The minute Nina walked away, part of him wished for her to stay. He genuinely enjoyed her company. Most people irritated him on some level, and he could barely tolerate their presence for an extended period of time unless they were close friends. Sometimes even that was a challenge. With Nina it was different. He didn't mind having her as a shadow during the day or spend hours on end in the OR with her. To share a drink with her was as close to pleasure a drink could be. Her company was interesting, entertaining, light, and surprisingly real.

But he had reacted instinctively, and he was a proud person. There was no way he was about to ask her to return and concede to her assumptions. Instead, he swallowed his desire along with the scotch and to the dark thoughts that occupied his mind.

He should have known better than to think that this time would somehow be different. Just because they lived in a new city didn't mean they weren't the same people. They were the same people with the same issues. A different outcome from the same components weren't very likely. Which is exactly why he was currently sat here, cursing his own foolishness.

Earlier today his thesis became reality and knocked him flat on his ass. He caught a glimpse of the fiery red mane that matched the temper of its owner through the blinds of the examination room, and something twisted painfully inside his chest. Yet only for a second. Then the rage set in. The revelation in itself wasn't what caused him the pain, it was the lack of emotional reaction that caused him pain.
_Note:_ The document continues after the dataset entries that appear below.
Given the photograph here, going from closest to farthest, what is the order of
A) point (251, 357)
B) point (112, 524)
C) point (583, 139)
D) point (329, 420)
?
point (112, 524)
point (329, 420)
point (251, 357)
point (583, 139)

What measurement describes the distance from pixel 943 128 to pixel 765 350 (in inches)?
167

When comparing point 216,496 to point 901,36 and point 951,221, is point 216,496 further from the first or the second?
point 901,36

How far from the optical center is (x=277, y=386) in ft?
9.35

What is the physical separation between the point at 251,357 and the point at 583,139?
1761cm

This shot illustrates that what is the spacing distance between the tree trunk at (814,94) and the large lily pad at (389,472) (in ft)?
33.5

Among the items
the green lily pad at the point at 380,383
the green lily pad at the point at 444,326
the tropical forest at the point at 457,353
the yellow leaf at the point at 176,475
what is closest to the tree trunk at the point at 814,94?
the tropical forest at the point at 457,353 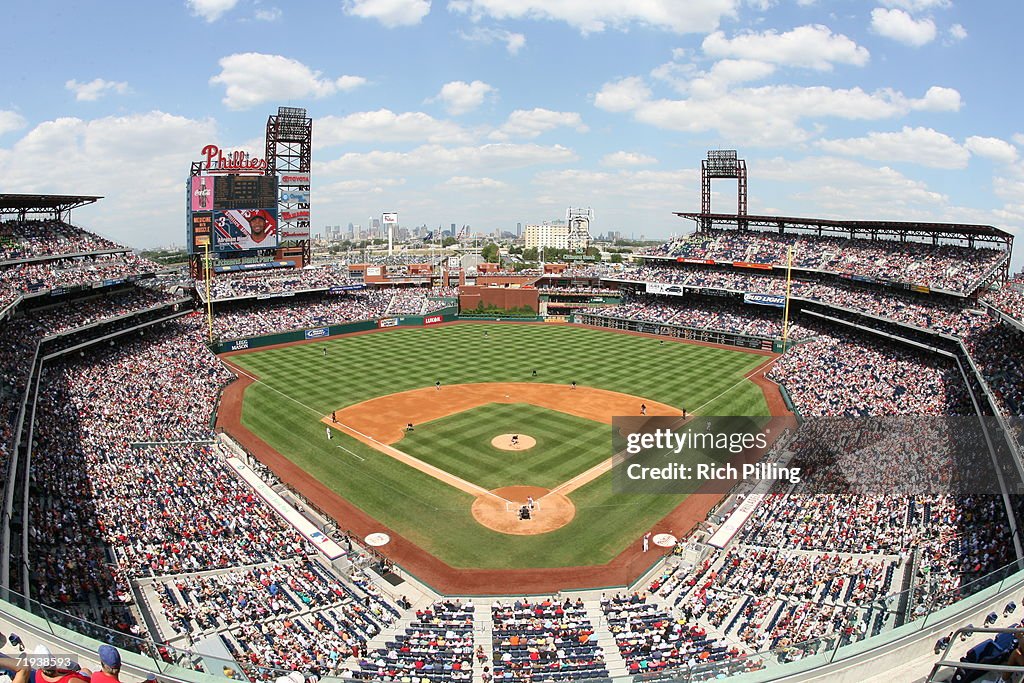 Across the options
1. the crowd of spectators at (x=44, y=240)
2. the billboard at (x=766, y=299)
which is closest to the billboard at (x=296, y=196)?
the crowd of spectators at (x=44, y=240)

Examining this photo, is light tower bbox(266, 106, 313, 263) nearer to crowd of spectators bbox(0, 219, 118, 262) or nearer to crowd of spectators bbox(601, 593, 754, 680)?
crowd of spectators bbox(0, 219, 118, 262)

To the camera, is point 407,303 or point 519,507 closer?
point 519,507

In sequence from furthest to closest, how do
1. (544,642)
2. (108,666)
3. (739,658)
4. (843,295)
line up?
(843,295) → (544,642) → (739,658) → (108,666)

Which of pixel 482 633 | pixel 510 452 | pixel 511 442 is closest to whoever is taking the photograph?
pixel 482 633

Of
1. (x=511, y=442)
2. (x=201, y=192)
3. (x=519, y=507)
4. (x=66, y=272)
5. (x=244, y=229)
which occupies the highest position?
(x=201, y=192)

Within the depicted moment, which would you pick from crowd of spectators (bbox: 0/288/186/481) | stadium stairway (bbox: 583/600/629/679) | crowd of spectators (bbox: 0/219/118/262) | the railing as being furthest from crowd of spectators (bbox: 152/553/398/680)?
crowd of spectators (bbox: 0/219/118/262)

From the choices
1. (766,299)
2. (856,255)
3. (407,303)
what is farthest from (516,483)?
(407,303)

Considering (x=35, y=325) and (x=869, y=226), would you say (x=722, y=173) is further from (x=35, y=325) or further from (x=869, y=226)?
(x=35, y=325)

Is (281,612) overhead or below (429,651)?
below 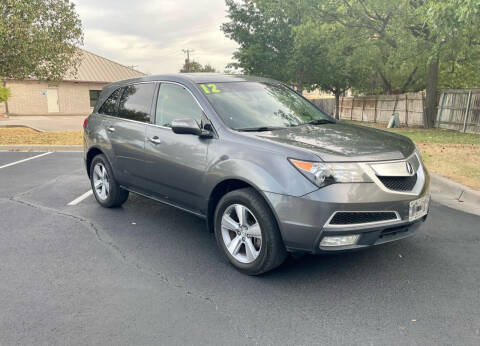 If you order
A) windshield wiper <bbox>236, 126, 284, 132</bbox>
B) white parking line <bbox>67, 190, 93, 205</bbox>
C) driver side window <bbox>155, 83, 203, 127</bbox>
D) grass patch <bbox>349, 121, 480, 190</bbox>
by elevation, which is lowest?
white parking line <bbox>67, 190, 93, 205</bbox>

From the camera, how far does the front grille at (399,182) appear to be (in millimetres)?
3363

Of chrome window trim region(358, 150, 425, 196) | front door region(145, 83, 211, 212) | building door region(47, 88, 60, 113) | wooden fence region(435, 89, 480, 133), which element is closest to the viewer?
chrome window trim region(358, 150, 425, 196)

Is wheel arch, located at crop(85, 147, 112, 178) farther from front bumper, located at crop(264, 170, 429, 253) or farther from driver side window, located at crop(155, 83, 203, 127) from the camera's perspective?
front bumper, located at crop(264, 170, 429, 253)

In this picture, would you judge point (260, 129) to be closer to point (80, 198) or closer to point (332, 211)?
point (332, 211)

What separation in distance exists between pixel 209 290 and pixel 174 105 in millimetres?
2135

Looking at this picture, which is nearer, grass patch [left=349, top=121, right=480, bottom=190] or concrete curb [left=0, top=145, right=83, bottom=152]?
grass patch [left=349, top=121, right=480, bottom=190]

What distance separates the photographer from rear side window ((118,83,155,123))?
4.93 meters

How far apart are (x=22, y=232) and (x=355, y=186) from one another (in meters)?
3.96

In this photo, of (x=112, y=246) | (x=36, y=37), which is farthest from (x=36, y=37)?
(x=112, y=246)

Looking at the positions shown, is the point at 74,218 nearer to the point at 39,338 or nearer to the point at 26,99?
the point at 39,338

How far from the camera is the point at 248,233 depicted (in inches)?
144

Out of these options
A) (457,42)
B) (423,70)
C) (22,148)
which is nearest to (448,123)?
(457,42)

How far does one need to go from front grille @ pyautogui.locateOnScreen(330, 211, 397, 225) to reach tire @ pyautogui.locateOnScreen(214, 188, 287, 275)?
53 cm

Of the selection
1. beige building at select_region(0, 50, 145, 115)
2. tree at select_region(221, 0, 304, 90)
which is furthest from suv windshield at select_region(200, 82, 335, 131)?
beige building at select_region(0, 50, 145, 115) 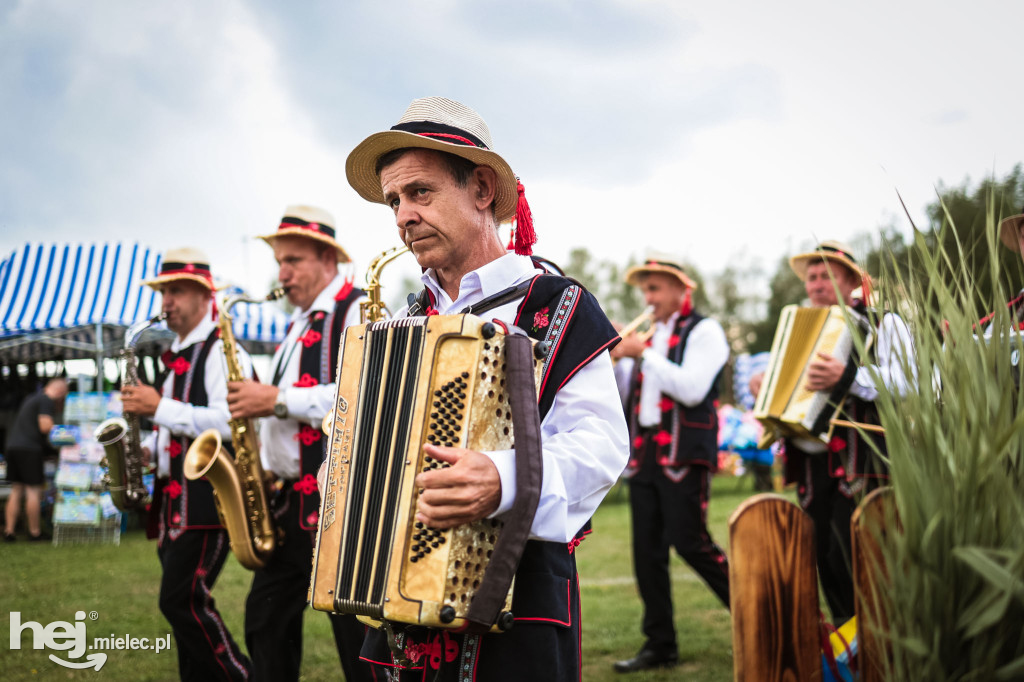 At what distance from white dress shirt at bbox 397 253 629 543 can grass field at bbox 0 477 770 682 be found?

The knowledge that all the guilt and all the heartache, it had turned out to have been all for nothing.

To his surprise a slender, dainty hand entered his field of vision and placed a filled tumbler with a familiar golden liquid in front of him on the bar. Then that alluring, accented voice spoke closely by his ear in a low but firm tone.

"Just so you know, I wasn't going to give you a lecture." a short pause. "Don't choke on it!" Before he had the time to react, she was gone again. This time she left the bar.